Le point de vue des autorités israéliennes

Cette série épouse pleinement le point de vue israélien sur le conflit. Maquillant la réalité du fait palestinien, Fauda n’évoque jamais les exactions et vexations commises par l’armée israélienne, les nombreuses heures d’attentes aux checkpoints, les expulsions forcées etc.

Le but recherché est simple. À travers cette série, Israël apparaît comme l’agressé et les Palestiniens comme agresseurs.

En définitive, ce programme tente tant bien que mal d’altérer le jugement de l’opinion internationale à l’égard d’Israël. Au vu du très large succès de la série, une troisième saison est en cours de tournage. Elle relatera la traque d’un terroriste à Gaza. Israël use donc de son soft power (capacité à convaincre) pour propager sa version du conflit.

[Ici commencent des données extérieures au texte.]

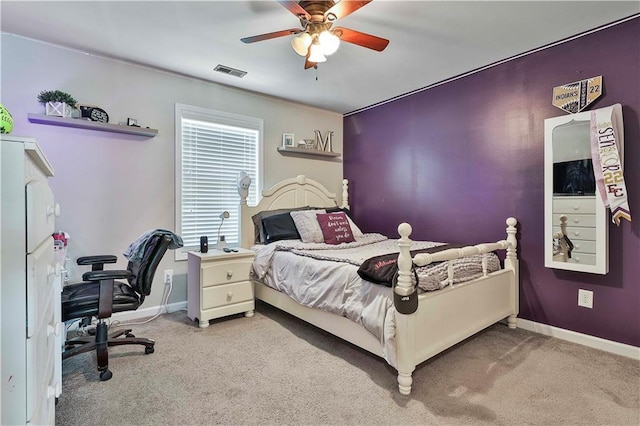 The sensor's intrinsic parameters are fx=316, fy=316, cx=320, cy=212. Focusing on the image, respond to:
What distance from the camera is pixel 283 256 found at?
9.45ft

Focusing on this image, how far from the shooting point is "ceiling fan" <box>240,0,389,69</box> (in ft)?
5.76

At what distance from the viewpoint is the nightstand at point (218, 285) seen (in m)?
2.78

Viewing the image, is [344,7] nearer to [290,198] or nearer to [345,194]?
[290,198]

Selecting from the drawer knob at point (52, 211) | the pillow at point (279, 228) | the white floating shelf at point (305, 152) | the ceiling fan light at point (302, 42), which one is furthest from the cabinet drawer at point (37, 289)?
the white floating shelf at point (305, 152)

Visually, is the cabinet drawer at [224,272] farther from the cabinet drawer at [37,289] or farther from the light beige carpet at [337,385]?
the cabinet drawer at [37,289]

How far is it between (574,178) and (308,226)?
2.32 m

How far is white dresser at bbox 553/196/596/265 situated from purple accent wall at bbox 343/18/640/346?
5.5 inches

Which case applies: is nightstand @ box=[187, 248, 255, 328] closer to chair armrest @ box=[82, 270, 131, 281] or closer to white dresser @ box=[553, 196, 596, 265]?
chair armrest @ box=[82, 270, 131, 281]

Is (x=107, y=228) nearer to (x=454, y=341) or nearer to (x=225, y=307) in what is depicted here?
(x=225, y=307)

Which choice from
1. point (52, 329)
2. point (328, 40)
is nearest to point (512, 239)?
point (328, 40)

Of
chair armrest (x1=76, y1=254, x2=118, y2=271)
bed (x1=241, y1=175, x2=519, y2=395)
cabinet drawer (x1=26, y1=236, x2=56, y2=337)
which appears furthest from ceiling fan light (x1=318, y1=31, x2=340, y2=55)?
chair armrest (x1=76, y1=254, x2=118, y2=271)

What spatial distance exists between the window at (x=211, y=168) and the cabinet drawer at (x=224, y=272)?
609mm

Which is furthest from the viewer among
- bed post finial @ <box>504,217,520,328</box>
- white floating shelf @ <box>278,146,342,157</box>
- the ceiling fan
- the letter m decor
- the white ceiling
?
the letter m decor

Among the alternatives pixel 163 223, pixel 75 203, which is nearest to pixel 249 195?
pixel 163 223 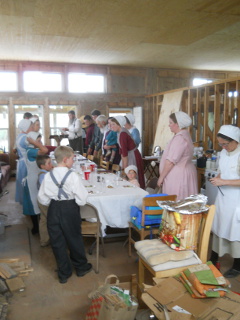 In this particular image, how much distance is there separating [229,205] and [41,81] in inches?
311

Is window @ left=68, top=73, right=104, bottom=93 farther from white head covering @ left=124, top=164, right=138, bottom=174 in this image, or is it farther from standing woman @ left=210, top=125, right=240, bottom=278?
standing woman @ left=210, top=125, right=240, bottom=278

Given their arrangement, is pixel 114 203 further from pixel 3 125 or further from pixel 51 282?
pixel 3 125

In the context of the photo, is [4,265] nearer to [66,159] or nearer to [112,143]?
[66,159]

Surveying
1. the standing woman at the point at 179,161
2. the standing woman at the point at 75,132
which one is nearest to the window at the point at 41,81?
the standing woman at the point at 75,132

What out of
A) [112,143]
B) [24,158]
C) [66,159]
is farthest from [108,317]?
[112,143]

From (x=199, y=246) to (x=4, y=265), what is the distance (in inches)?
82.8

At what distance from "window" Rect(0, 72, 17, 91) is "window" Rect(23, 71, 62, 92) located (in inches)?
11.5

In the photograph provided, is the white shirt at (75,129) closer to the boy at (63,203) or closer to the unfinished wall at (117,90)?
the unfinished wall at (117,90)

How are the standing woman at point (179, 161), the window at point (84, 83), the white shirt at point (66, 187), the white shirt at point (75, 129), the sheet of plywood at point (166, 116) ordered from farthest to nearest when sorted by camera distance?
the window at point (84, 83)
the sheet of plywood at point (166, 116)
the white shirt at point (75, 129)
the standing woman at point (179, 161)
the white shirt at point (66, 187)

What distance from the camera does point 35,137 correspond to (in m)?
4.54

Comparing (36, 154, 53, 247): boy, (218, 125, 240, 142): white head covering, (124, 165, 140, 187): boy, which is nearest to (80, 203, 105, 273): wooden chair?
(36, 154, 53, 247): boy

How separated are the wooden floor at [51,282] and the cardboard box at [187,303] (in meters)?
0.83

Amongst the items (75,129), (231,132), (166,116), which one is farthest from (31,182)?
(166,116)

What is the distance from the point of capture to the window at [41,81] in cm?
934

Israël-Palestine: le conflit oublié

Cette guerre asymétrique ne fait plus l’actualité. Auparavant, la région était perçue uniquement sous le prisme de l’affrontement israélo-arabe. L’État hébreu cristallisait toutes les craintes régionales. Aujourd’hui, malgré la colonisation systématique, les exactions quotidiennes et le blocus humanitaire de la bande de Gaza, le conflit est de moins en moins médiatisé, et ce au détriment de la cause palestinienne. Le rapprochement de certains États arabes avec Israël et la lutte commune contre l’influence iranienne marginalisent le sort des Palestiniens.

Pourtant, dès la création de l’État hébreu en 1948, la Palestine représentait cet idéal à défendre pour tous les habitants de la région. Retour, sur la déliquescence d’une cause fédératrice.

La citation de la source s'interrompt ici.